Au pays de l'imperceptible, peut-être que la mesure qui l'est le moins est celle de la fermeture des frontières aux voyageurs des pays hors UE. Si l'idée de restreindre la circulation aux frontières touche à un pan idéologique propre à la France et dont peu de politiciens osent se dresser contre, il s'agit tout de même d'une première mesure qui rompt avec de solides résistances politiques. Pourtant, en temps de crise, avec une population en souffrance qui se dit prête à un ultime sacrifice sur une durée courte mais qui attend des mesures efficaces et intelligentes, à quoi celle-ci rime-t-elle ? Pourquoi ne pas être allé au bout de la restriction en fermant les frontières à tous les pays ? Même si l'efficacité de cette mesure, dans le cas où elle serait prise, est à débattre -la France compte tout de même 438 000 travailleurs transfrontaliers-, cette décision aurait au moins eu le mérite de témoigner d'une volonté réelle de prendre des mesures permettant de donner un vrai coup de frein à l'épidémie.
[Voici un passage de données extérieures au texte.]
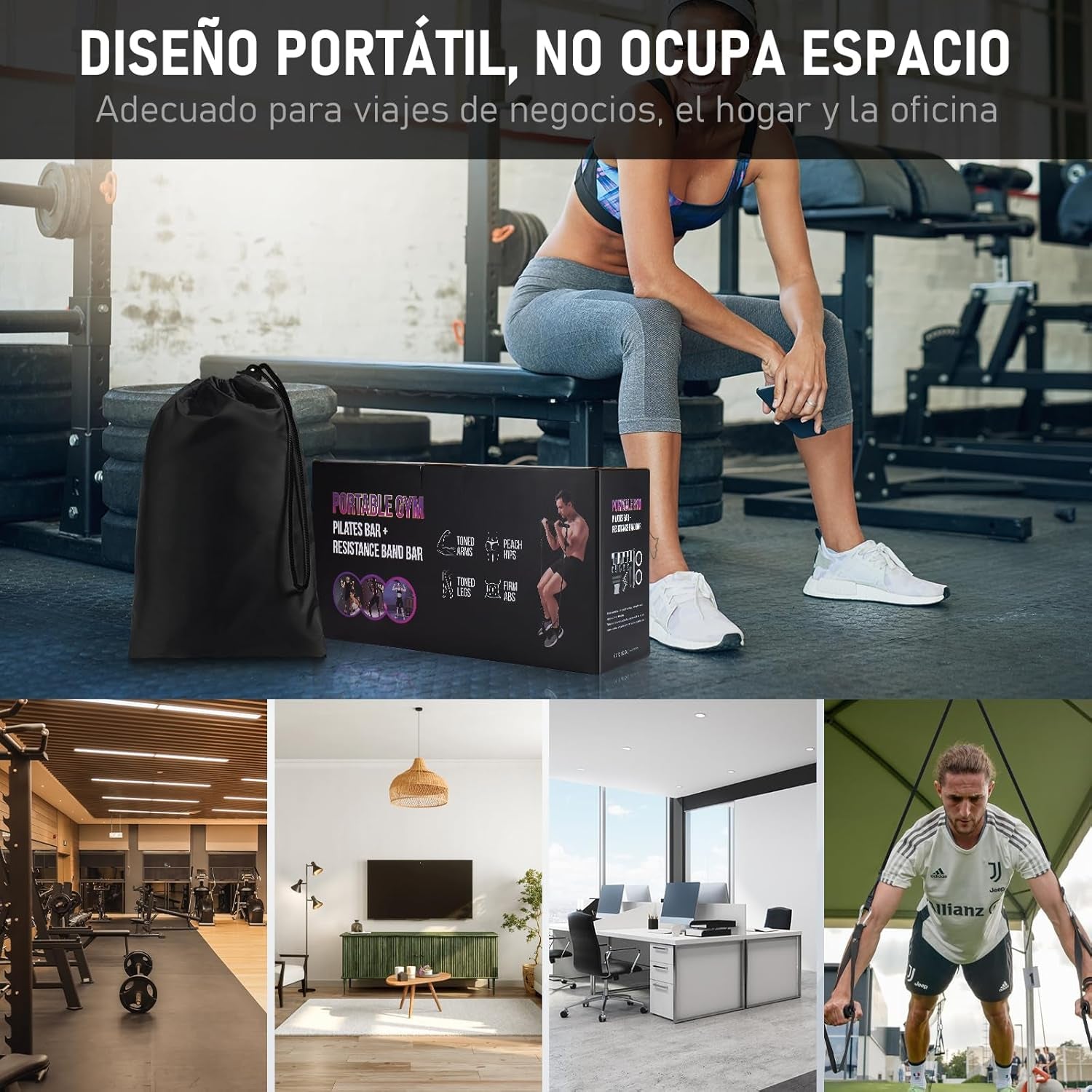 HSYFUNA 8 Gomas Elasticas Musculación (20/30/40/50Lbs) Con Barra De Pilates, Ruedas Abdominales, Anclaje Para Puerta, Correas Para Tobillos, Mango, Kit Pilates Para Fitness En Casa, Gym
La seconde restriction qui entre en vigueur dès dimanche 31 janvier 2021 est la fermeture des centres commerciaux de plus de 20000m carré. Ces mêmes centres commerciaux, aux restaurants vacants, et dans lesquels il faut se laver les mains à chaque pas de porte de magasin, magasins qui limitent le nombre de clients, et obligent le port du masque. Ces centres commerciaux qui peuvent, à l'instar de Polygone Rivera à Cagnes-sur-mer, être situés en extérieur, ce qui les différencie difficilement d'un simple centre-ville, qui ne connait à ce jour pas de restrictions. Plus encore, aucune donnée ne permet de considérer que dans le rapport surface/brassage de population, le ratio est plus élevé dans un commerce tel que Leroy Merlin, plutôt qu'à Sephora. Si cette décision revêt d'une quelconque pertinence s'appuyant sur des recherches scientifiques pragmatiques, nul doute qu'il aurait fallu les exposer aux Français.

Certains considèrent que ces décisions témoignent de la prudence du gouvernement, qui ne cède à aucun affolement et privilégie l'économie. Encore faut-il se demander si, le cas échéant, ne la préserve-t-il pas ici que sur du court terme.

En réalité, il s'agit ici d'électoralisme maladroitement conduit. Face à une issue inévitable dont on connait tous la teneur, retarder de quelques jours, sur une brève durée de temps, les allocutions, les Conseils de défense ; multiplier l'invention de nouveaux types de confinement, « serré, hybride, léger » ; bousculer les emplois du temps et les rencontres entre professionnels de la santé, étudiants, restaurateurs... tout cela relève d'une volonté de dégager l'image d'un gouvernement qui cherche la meilleur solution et qui fait de la question du reconfinement sa priorité. Dans ce climat, qui se veut teinté d'implication et de compassion envers la population qui souffre, Emmanuel Macron, que l'on sait hostile au reconfinement, souhaite sans aucun doute donner l'impression que lorsqu'il annoncera l'inévitable, il le fera par contrainte, à contrecœur.

L'actuel Président de la République prépare sa candidature de 2022, en homme du peuple qui souffre des décisions qui lui incombent, et qui accompagne l'évidence de mise en scènes grotesques afin d'éviter que lui soit imputé la souffrance d'une nation.